Overall, the number of Canadians who were active RPP members similarly grew 4.2 per cent to more than 7.2 million, while employment growth came in at 3.8 per cent during the same period. Membership in public sector plans rose 4.5 per cent, while private sector membership rose 3.9 per cent. “Employment rose by three per cent in the public sector and by four per cent in the private sector over the same period,” Statistics Canada states in its publication, Pension plans in Canada, as of January 1, 2024.
“Active membership in DB plans surpassed 4.9 million in 2023, up 4.2 per cent from 2022. Membership in DB plans accounted for 68.1 per cent of the total RPPs in 2023,” they add.

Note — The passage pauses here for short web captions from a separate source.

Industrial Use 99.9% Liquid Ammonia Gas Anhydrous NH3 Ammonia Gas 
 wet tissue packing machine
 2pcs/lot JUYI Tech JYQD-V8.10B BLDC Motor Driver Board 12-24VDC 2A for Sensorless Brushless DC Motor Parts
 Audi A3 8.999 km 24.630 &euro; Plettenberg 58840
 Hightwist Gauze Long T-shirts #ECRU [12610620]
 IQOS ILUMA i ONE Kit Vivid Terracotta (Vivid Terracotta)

Membership in defined contribution (DC) plans, meanwhile, accounting for just 18.6 per cent of all RPP membership in 2023 according to the report, rose 5.1 per cent.
In the private sector, DB plan membership increased 2.8 per cent while DC plan membership jumped 5.5 per cent.
Total employer and employee contributions to RPPs overall increased 3.8 per cent between 2022 and 2023, to reach $79.3-billion. “Employer contributions for unfunded liabilities represented 5.2 per cent (4.1-billion) of contributions,” they write. “The market value of assets in RPPs increased by $56-billion or 2.4 per cent, in 2023 to just under $2.4-trillion.”